§ Data section
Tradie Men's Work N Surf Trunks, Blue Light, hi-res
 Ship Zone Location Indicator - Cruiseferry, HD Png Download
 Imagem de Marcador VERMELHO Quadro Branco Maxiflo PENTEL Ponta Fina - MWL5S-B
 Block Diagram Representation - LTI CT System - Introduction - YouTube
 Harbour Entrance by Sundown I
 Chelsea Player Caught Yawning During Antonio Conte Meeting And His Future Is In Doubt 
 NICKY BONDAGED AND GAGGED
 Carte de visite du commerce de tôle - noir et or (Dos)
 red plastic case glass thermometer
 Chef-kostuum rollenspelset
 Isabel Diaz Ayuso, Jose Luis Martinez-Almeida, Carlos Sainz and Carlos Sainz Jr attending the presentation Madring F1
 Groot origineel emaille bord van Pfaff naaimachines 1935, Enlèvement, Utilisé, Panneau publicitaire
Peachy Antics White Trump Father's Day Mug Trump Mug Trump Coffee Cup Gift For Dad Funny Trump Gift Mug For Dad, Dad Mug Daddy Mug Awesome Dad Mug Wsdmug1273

§ Action item
In full and without change, transcribe every line of the records above.

§ Response to this task
Tradie Men's Work N Surf Trunks, Blue Light, hi-res
 Ship Zone Location Indicator - Cruiseferry, HD Png Download
 Imagem de Marcador VERMELHO Quadro Branco Maxiflo PENTEL Ponta Fina - MWL5S-B
 Block Diagram Representation - LTI CT System - Introduction - YouTube
 Harbour Entrance by Sundown I
 Chelsea Player Caught Yawning During Antonio Conte Meeting And His Future Is In Doubt 
 NICKY BONDAGED AND GAGGED
 Carte de visite du commerce de tôle - noir et or (Dos)
 red plastic case glass thermometer
 Chef-kostuum rollenspelset
 Isabel Diaz Ayuso, Jose Luis Martinez-Almeida, Carlos Sainz and Carlos Sainz Jr attending the presentation Madring F1
 Groot origineel emaille bord van Pfaff naaimachines 1935, Enlèvement, Utilisé, Panneau publicitaire
Peachy Antics White Trump Father's Day Mug Trump Mug Trump Coffee Cup Gift For Dad Funny Trump Gift Mug For Dad, Dad Mug Daddy Mug Awesome Dad Mug Wsdmug1273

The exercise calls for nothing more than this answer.